Web page caption snippets:
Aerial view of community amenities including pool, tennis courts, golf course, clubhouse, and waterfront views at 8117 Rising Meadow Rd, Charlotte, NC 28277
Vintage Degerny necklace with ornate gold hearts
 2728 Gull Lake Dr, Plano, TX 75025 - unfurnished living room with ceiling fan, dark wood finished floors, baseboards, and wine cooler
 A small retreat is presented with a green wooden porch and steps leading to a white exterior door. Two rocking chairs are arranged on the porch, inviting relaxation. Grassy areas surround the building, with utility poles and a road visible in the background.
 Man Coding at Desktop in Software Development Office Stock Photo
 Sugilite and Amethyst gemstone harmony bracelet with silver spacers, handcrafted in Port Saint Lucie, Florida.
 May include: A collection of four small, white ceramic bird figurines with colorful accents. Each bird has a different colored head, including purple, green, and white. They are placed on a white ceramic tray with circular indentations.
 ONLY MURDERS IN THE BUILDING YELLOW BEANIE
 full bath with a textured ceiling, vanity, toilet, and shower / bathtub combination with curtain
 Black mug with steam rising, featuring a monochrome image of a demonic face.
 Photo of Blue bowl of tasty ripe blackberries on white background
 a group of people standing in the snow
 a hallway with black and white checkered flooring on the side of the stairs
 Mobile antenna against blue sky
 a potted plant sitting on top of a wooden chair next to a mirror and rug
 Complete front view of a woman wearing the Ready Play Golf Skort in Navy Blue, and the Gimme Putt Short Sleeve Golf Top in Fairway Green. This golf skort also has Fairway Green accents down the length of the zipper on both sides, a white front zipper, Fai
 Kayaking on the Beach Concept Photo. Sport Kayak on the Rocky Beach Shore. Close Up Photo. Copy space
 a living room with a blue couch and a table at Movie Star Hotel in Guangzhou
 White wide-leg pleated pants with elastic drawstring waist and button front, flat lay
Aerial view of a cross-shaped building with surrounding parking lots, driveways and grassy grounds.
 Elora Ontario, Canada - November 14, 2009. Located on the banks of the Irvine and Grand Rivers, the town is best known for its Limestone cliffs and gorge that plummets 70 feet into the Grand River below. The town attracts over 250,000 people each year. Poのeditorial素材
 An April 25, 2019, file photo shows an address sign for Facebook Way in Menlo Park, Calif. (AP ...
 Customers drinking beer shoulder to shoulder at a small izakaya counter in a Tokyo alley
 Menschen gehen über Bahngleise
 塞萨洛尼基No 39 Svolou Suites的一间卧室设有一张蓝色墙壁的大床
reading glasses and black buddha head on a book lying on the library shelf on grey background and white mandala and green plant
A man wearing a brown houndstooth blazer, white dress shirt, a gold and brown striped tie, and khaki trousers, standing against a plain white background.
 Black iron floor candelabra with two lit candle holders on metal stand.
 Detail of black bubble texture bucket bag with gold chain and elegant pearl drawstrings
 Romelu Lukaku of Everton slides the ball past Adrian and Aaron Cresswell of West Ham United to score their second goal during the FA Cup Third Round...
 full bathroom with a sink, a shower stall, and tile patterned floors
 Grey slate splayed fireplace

__What to produce__
From the entries above, give again exactly the lines running from the line with "Sugilite and Amethyst" to the line with "An April 25, 2019, file"; include both of those lines.

__Exercise answer__
 Sugilite and Amethyst gemstone harmony bracelet with silver spacers, handcrafted in Port Saint Lucie, Florida.
 May include: A collection of four small, white ceramic bird figurines with colorful accents. Each bird has a different colored head, including purple, green, and white. They are placed on a white ceramic tray with circular indentations.
 ONLY MURDERS IN THE BUILDING YELLOW BEANIE
 full bath with a textured ceiling, vanity, toilet, and shower / bathtub combination with curtain
 Black mug with steam rising, featuring a monochrome image of a demonic face.
 Photo of Blue bowl of tasty ripe blackberries on white background
 a group of people standing in the snow
 a hallway with black and white checkered flooring on the side of the stairs
 Mobile antenna against blue sky
 a potted plant sitting on top of a wooden chair next to a mirror and rug
 Complete front view of a woman wearing the Ready Play Golf Skort in Navy Blue, and the Gimme Putt Short Sleeve Golf Top in Fairway Green. This golf skort also has Fairway Green accents down the length of the zipper on both sides, a white front zipper, Fai
 Kayaking on the Beach Concept Photo. Sport Kayak on the Rocky Beach Shore. Close Up Photo. Copy space
 a living room with a blue couch and a table at Movie Star Hotel in Guangzhou
 White wide-leg pleated pants with elastic drawstring waist and button front, flat lay
Aerial view of a cross-shaped building with surrounding parking lots, driveways and grassy grounds.
 Elora Ontario, Canada - November 14, 2009. Located on the banks of the Irvine and Grand Rivers, the town is best known for its Limestone cliffs and gorge that plummets 70 feet into the Grand River below. The town attracts over 250,000 people each year. Poのeditorial素材
 An April 25, 2019, file photo shows an address sign for Facebook Way in Menlo Park, Calif. (AP ...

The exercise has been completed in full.